Our Finnish play ‘Garage’ is written by Mika Myllyaho who is the artistic director of the Finnish National Theatre. Mika is a renowned director and writer in Finland and his work has been translated and performed in several languages.

Our Norwegian play ‘Counting To Zero’ is written by Kristofer Grønskag who is currently playwright-in-residence at Haugesund Theatre in Norway. Kristofer is the winner of the prestigious Jugendtheaterpreis Baden-Württemberg in 2018 and his work has been performed all over the world. His play ‘Kinder K’ was the first play we produced as a company in the UK.

Our Danish play ‘No Planet B’ is written by Vivian Nielsen who is one of the most produced playwrights in Denmark and who is the recipient of the prestigious Reumert Prize for her play ‘Brandes’. Vivian is a passionate climate activist and wrote the play in close collaboration with the original cast.

CM: Can you tell us about the directors involved in the festival?
CG: We did an open call last year to find six UK-based directors at a stage in their careers where they would like to take creative risks and engage with international work and artists. We have an eclectic group of incredibly talented young artists who each bring their unique approaches and experiences to the project, at the same time exploring how to work in more Nordic ways.

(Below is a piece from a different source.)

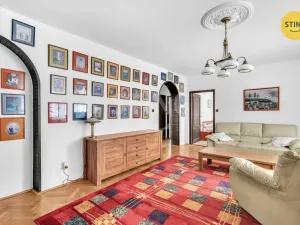 Prodej rodinného domu, Hrubý Jeseník, 198 m2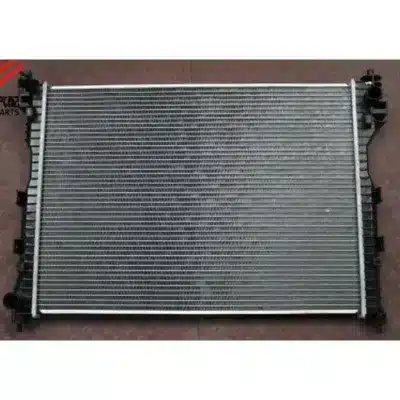 For GWM 1301100XKY28B/1301100XKZ36A Radiator Assembly New Condition Black Paint CC7203-VV5 CC6461-Haval H6 Sport For GWM 1301100XKY28B/1301100XKZ36A Radiator Assembly New Condition Black Paint CC7203-VV5 CC6461-Haval H6 Sport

Jack Nurse is a Scottish director who co-founded Glasgow-based theatre company Wonder Fools and trained at the Royal Conservatoire of Scotland and the National Theatre Studio Directors’ Course. He is directing our Icelandic play ‘Refuge’.

Janisè Sadik was the Trainee Director at Paines Plough in 2019 and is currently part of the Tamasha Directors Programme. She is also an experienced facilitator both in the UK and internationally. She is directing our Faroese play ‘Searching For Being’.

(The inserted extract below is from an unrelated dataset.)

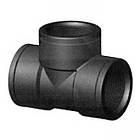 Тройник 1"1/2 ВР. Фітинги IRRITEC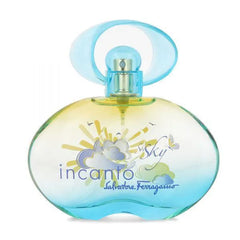 Perfume Incanto Sky para Mujer de Salvatore Ferragamo EDT 100ML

Anna Himali Howard was recently the Staff Director on ‘Small Island’ at the National Theatre, and recently directed ‘I Wanna Be Yours’ at the Bush. She travelled to Sweden via train to highlight our joint responsibility in the climate crisis and is directing our Swedish play ‘The Woman Who Turned Into A Tree’.

Lucie Dawkins is the co-Artistic Director of SCRUM Theatre and has worked internationally the last few years. She currently works for Cheek By Jowl as Literary Advisor and holds an MFA from the Yale School of Drama. She is directing our Finnish play ’Garage’.

Eleanor Chadwick is a theatre director, producer, writer, and academic. Ellie has created multi-sensory work both in the UK and internationally, one of which was ‘Ergo Sum’ performed at the Barbican. She is directing our Norwegian play ‘Counting To Zero’.

Roberta Zuric is a theatre director and facilitator, most recently creating work at the Pleasance, Vault Festival and for the Almeida Young Company. Roberta was also part of Mono Box Playstart in 2018. She is directing our Danish play ‘No Planet B’.

CM: The festival is produced by Cut The Cord. Can you tell us a bit about the company, and your involvement with it?
CG: I started Cut The Cord a few years ago, with the view to create a platform for international plays and artists and the merge between different cultures. The company focus on exploring social change on stage and on international collaborations in the UK, particularly Nordic.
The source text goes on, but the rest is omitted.